▶ TASK BRIEF: Return the data below unaltered, but strip out the pictures.

(Records contained in a dataset)

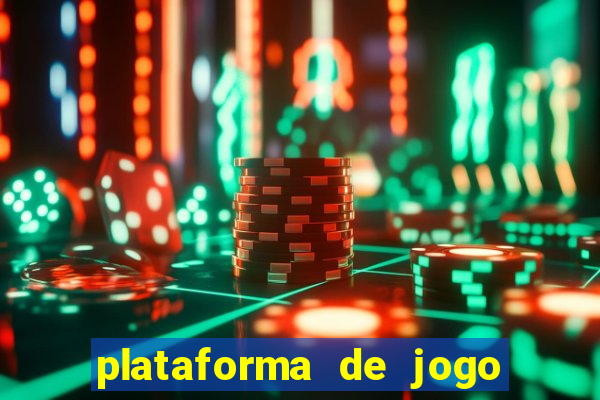 plataforma de jogo do ratinho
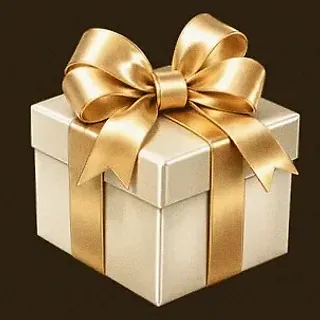 Luxury gift box — Simsinos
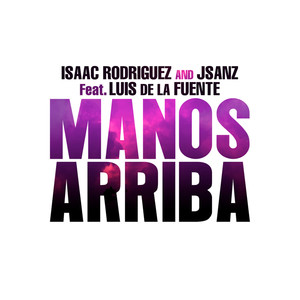 Manos Arriba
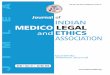 1. Please send a high resolution ad, approx 2000 x …imlea-india.org/journal/Jan-Mar18.pdfIndian Medico Legal And Ethics Association Journal of Indian Medico Legal And Ethics Association
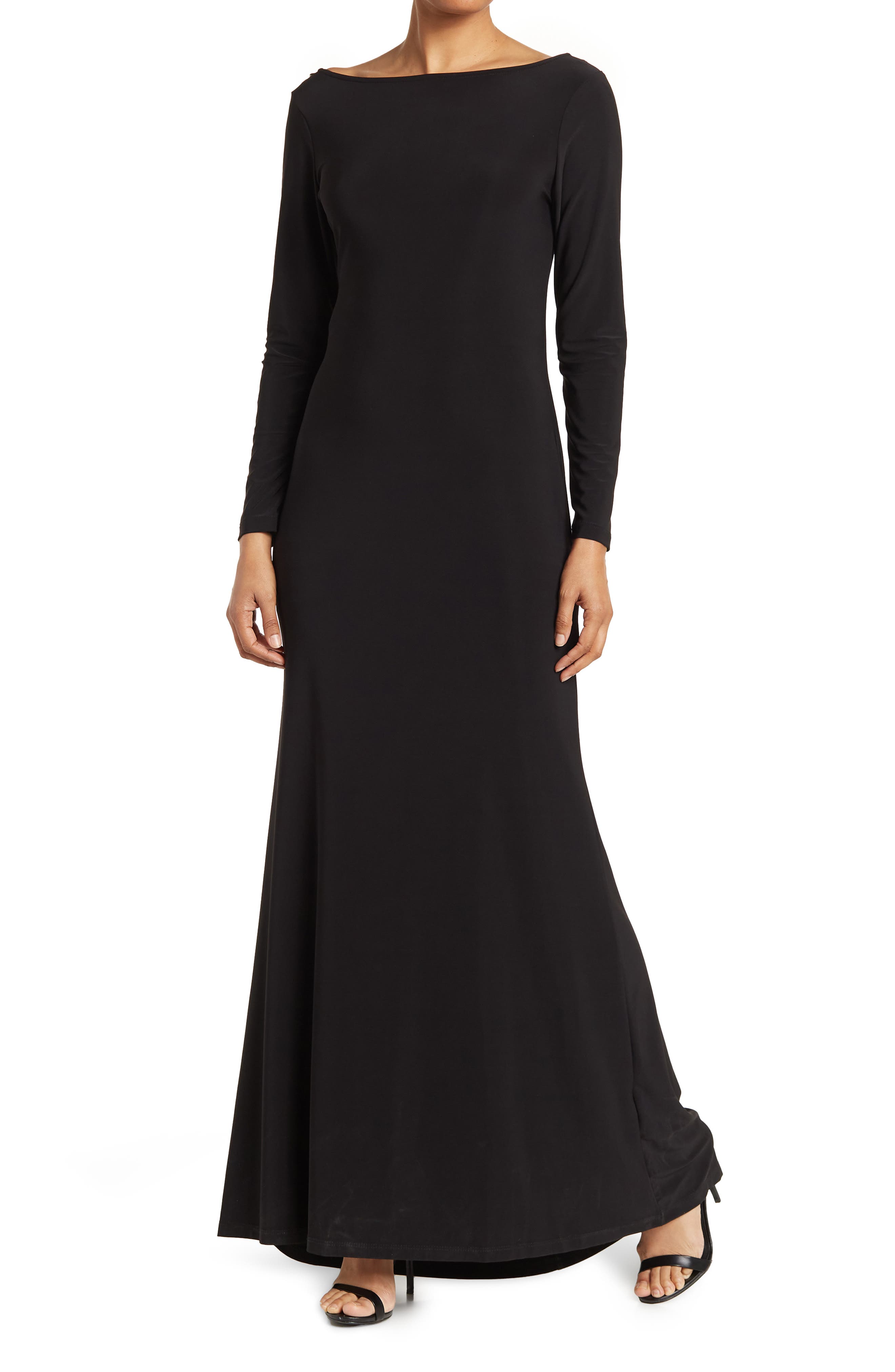 nordstrom ladies evening dresses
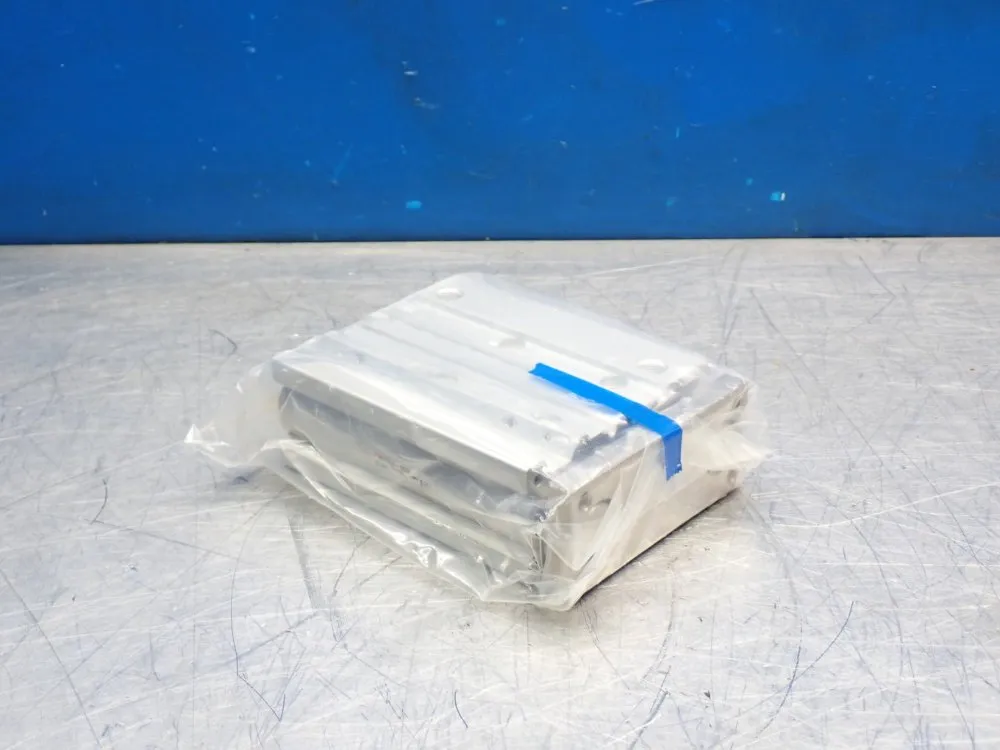 Smc Pneumatics Pneumatic Compact Cylinder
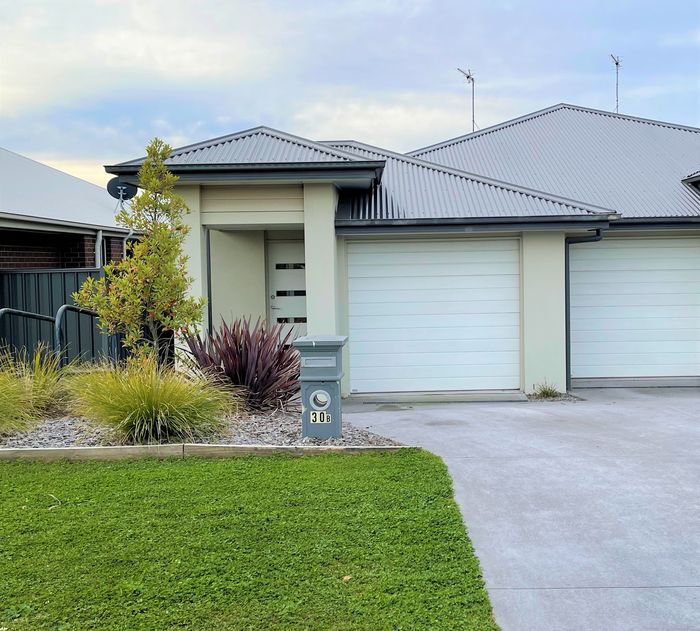 2/30 Sandridge Street, Thornton, NSW 2322 Property Details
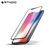 Vidrio Templado 3D Full Glue Samsung Galaxy S6 Edge (CURVO - COBERTURA COMPLETA) - comprar online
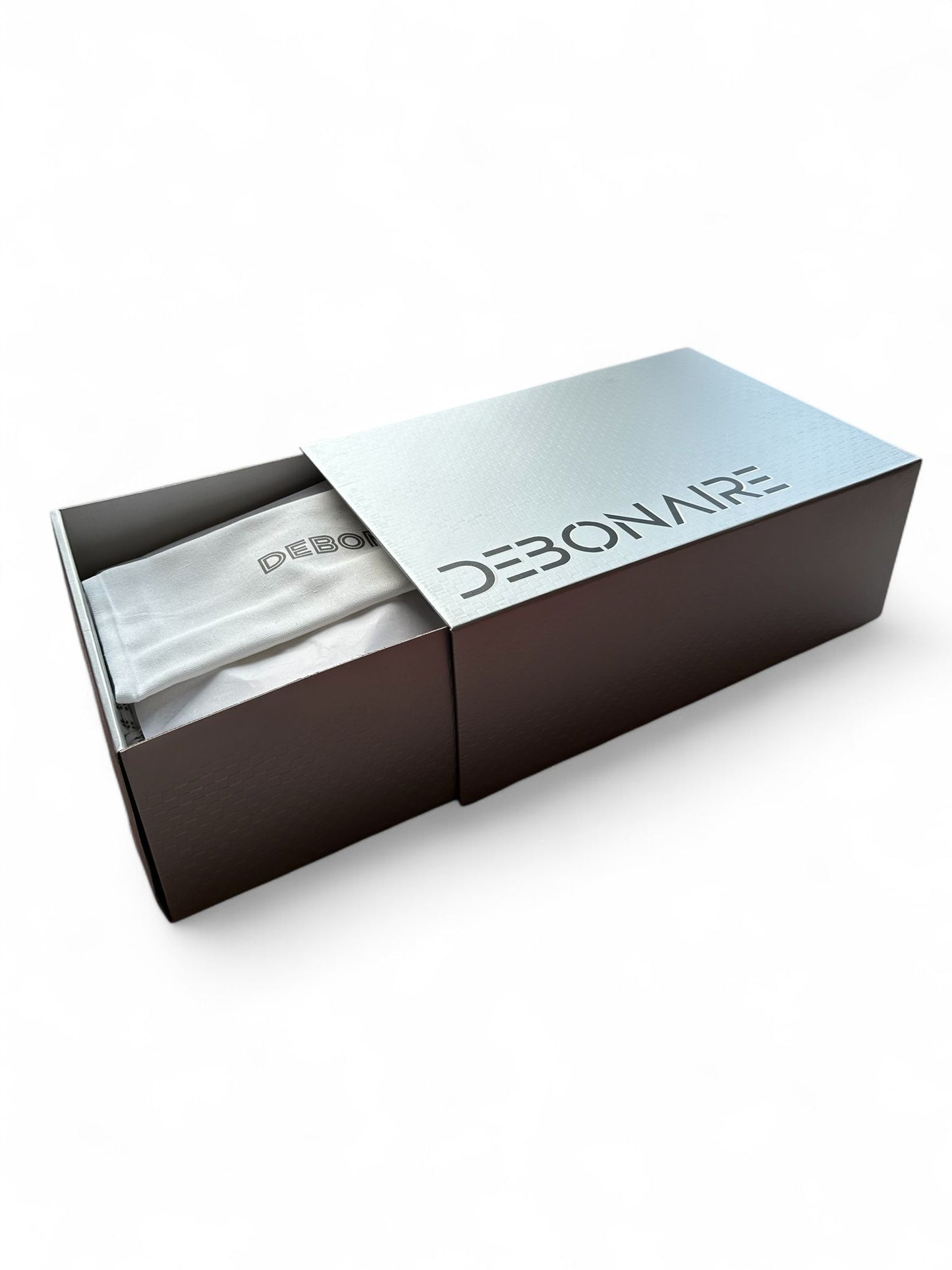 VOGLER - TRIPLE WHITE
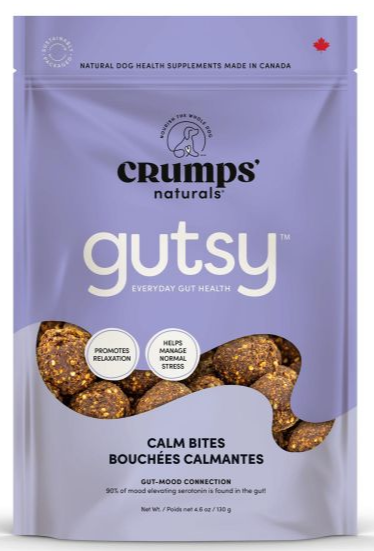 CRUMPS CALM BITES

▶ ANSWER SPACE:
 plataforma de jogo do ratinho
 Luxury gift box — Simsinos
 Manos Arriba
 1. Please send a high resolution ad, approx 2000 x …imlea-india.org/journal/Jan-Mar18.pdfIndian Medico Legal And Ethics Association Journal of Indian Medico Legal And Ethics Association
 nordstrom ladies evening dresses
 Smc Pneumatics Pneumatic Compact Cylinder
 2/30 Sandridge Street, Thornton, NSW 2322 Property Details
 Vidrio Templado 3D Full Glue Samsung Galaxy S6 Edge (CURVO - COBERTURA COMPLETA) - comprar online
 VOGLER - TRIPLE WHITE
 CRUMPS CALM BITES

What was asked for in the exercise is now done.